PP IGBT is a new type of electronic device, which has different characteristics, such as compact structure, double-sided heat dissipation, and large scale parallel chip can be realized in a single device. It is widely used in power system engineering applications such as flexible direct current transmission, flexible alternating current transmission, and photovoltaic access. PP IGBT are generally used in series applications requiring external pressure to maintain electrical and mechanical connections between the internal components. For PP IGBT, thermal resistance is an important indicator related to its thermal characteristics.
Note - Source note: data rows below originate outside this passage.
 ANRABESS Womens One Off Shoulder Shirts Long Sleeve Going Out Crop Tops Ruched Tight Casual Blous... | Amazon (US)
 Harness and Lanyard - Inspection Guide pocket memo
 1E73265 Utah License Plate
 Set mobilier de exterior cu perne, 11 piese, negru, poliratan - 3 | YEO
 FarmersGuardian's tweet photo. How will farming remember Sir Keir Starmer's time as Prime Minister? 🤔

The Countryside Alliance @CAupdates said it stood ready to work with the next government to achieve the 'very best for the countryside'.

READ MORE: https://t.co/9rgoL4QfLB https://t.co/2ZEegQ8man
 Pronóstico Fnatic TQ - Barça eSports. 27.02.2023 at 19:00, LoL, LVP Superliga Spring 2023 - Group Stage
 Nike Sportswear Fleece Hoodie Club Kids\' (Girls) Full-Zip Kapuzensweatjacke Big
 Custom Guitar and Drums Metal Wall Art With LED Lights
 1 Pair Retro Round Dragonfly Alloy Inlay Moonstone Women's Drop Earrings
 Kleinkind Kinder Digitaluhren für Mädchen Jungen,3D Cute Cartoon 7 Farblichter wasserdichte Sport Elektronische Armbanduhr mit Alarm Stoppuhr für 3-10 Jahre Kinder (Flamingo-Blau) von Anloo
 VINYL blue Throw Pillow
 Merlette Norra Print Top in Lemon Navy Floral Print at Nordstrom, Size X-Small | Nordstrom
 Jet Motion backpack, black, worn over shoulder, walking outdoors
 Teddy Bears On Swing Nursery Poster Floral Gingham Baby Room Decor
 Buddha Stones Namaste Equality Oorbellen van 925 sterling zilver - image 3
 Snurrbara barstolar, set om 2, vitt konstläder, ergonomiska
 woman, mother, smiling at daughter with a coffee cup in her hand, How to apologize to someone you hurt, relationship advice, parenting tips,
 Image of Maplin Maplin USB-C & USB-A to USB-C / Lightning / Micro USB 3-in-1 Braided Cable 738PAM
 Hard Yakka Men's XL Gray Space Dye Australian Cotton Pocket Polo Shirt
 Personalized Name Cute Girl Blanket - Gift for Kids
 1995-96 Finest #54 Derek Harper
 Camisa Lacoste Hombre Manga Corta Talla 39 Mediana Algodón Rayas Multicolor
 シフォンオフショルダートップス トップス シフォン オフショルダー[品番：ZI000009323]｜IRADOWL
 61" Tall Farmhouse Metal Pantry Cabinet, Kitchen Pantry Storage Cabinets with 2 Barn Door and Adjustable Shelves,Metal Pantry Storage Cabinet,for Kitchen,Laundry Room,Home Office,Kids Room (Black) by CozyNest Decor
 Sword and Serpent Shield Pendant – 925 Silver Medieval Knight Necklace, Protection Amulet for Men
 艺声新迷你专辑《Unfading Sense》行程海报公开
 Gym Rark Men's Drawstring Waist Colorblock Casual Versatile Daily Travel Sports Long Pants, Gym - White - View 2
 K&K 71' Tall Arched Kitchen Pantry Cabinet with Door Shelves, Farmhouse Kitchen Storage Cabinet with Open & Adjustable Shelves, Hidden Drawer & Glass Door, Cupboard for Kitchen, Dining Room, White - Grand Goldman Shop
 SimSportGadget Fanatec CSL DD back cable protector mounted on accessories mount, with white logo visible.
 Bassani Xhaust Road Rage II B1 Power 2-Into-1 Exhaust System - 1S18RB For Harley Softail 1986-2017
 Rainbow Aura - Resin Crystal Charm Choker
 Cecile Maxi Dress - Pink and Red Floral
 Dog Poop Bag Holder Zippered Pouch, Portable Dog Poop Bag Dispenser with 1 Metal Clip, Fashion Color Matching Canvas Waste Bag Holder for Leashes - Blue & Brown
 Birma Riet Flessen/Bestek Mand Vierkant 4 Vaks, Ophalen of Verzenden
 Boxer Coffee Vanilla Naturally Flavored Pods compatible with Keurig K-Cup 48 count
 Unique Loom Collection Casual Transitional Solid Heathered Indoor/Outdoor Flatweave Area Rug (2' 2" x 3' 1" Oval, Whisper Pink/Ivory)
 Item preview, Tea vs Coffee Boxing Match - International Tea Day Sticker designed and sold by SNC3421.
The thermal resistance of PP IGBT includes not only the thermal resistance of the material of each component, but also the thermal contact resistance. A plurality of contact surfaces is formed between each material layer inside the device to form a thermal contact resistance. Insufficient contact surface will increase the thermal contact resistance, resulting in high temperature or uneven temperature distribution. Therefore, the thermal contact resistance will have an important effect on its performance. In this paper, through the establishment of single die PP-IGBT module three-dimensional finite element model, thermal-electrical-structural coupling analysis was carried out on PP IGBT. Calculate and compare the values of the thermal contact resistance of the devices before and after 250000 power cycles experiment. The effect of the contact surface morphology on the thermal contact resistance is mainly studied. Furthermore, the effect of the thermal contact resistance of all material layers on the overall thermal resistance of the PP-IGBT is obtained.